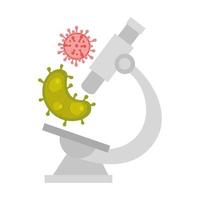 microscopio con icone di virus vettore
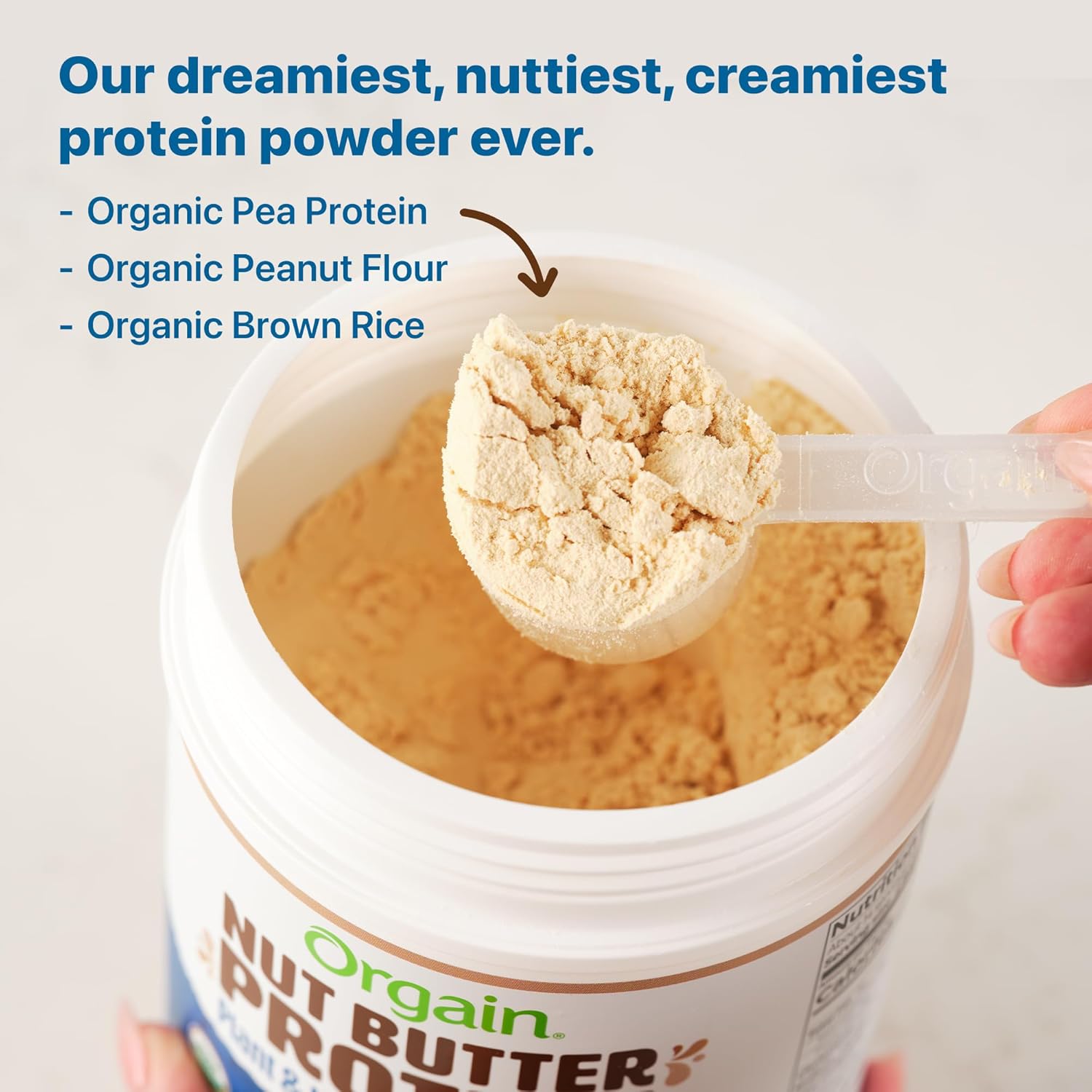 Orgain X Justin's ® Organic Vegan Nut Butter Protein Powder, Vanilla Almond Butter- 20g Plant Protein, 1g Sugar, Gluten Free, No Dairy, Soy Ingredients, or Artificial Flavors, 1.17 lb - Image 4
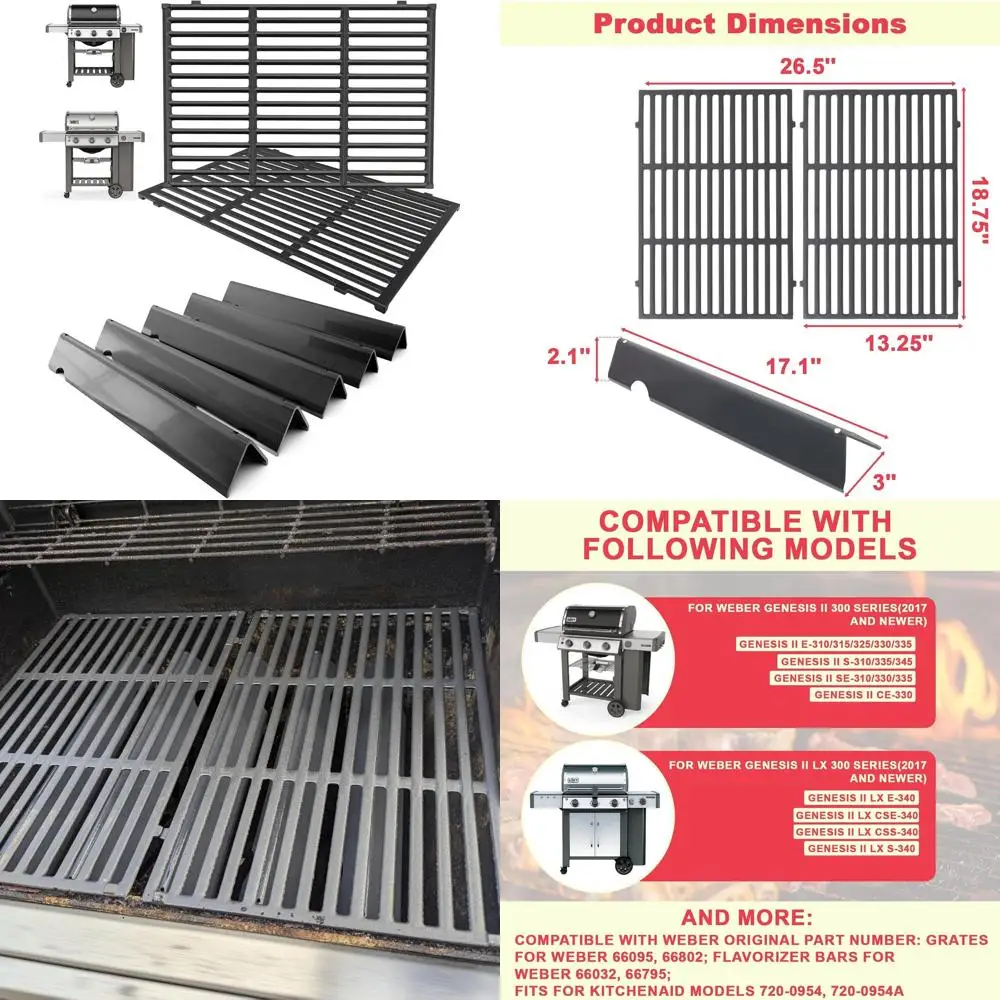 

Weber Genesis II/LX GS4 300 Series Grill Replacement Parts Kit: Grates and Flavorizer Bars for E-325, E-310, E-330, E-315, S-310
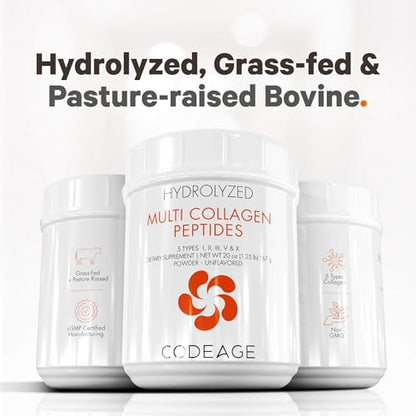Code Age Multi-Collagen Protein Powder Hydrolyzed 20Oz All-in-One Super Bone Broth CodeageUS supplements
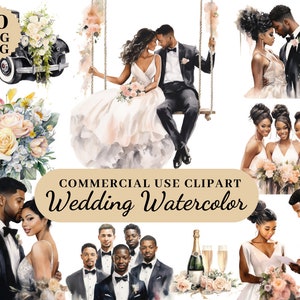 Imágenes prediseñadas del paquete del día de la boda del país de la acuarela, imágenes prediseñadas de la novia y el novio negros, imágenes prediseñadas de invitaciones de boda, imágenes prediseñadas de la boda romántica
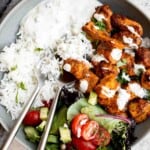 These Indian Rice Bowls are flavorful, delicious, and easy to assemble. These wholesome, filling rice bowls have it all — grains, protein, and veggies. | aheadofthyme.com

* * *

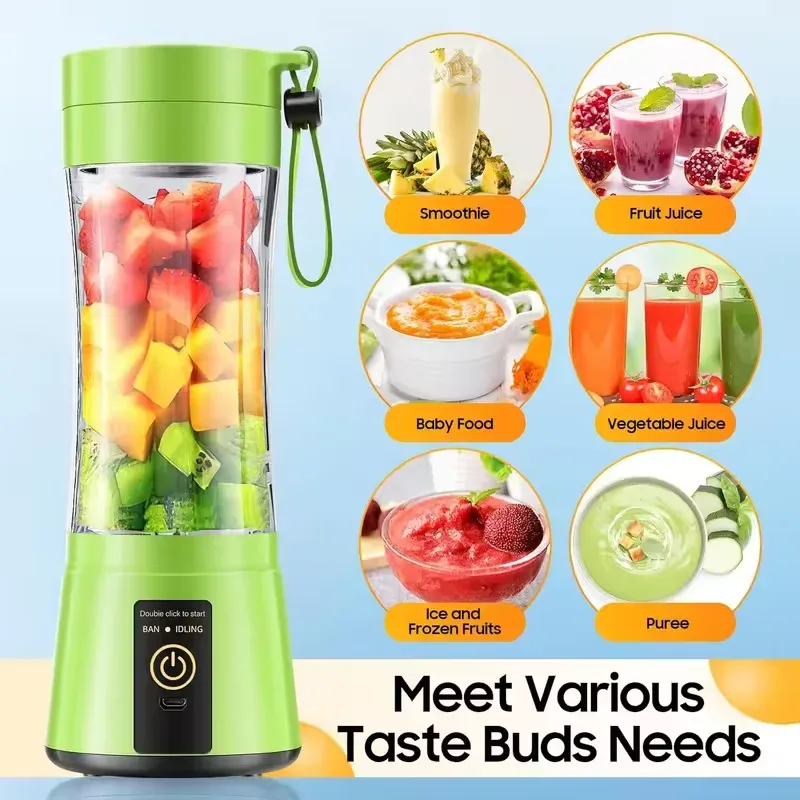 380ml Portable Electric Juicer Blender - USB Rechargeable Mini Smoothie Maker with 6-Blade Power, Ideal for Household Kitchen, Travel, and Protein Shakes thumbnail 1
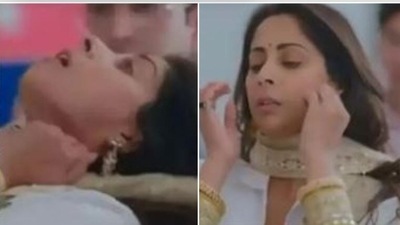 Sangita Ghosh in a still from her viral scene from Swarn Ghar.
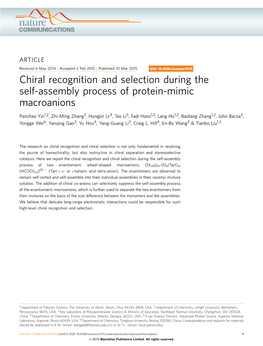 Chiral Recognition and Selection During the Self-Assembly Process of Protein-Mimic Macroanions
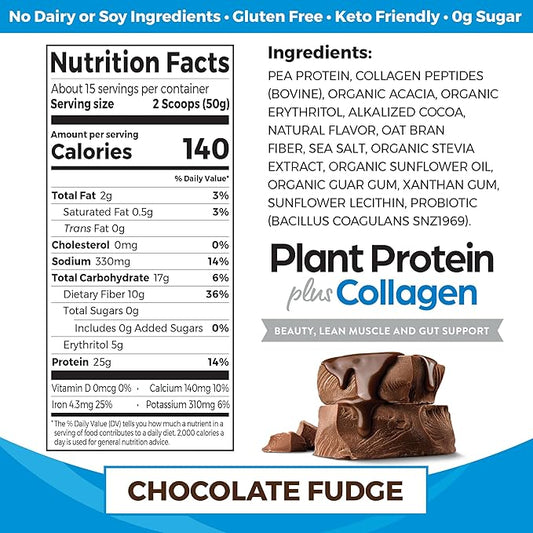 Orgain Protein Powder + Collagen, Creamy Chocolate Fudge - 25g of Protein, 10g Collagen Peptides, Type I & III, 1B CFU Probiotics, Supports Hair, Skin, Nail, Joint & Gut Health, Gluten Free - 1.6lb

▸ **Prompt**
In the entries above, find the line containing "microscopio con icone di virus vettore" and the line containing "Code Age Multi-Collagen"; give again exactly those two lines and every line between them, minus the pictures.

▸ **Expected answer**
 microscopio con icone di virus vettore
 Orgain X Justin's ® Organic Vegan Nut Butter Protein Powder, Vanilla Almond Butter- 20g Plant Protein, 1g Sugar, Gluten Free, No Dairy, Soy Ingredients, or Artificial Flavors, 1.17 lb - Image 4

Weber Genesis II/LX GS4 300 Series Grill Replacement Parts Kit: Grates and Flavorizer Bars for E-325, E-310, E-330, E-315, S-310
Code Age Multi-Collagen Protein Powder Hydrolyzed 20Oz All-in-One Super Bone Broth CodeageUS supplements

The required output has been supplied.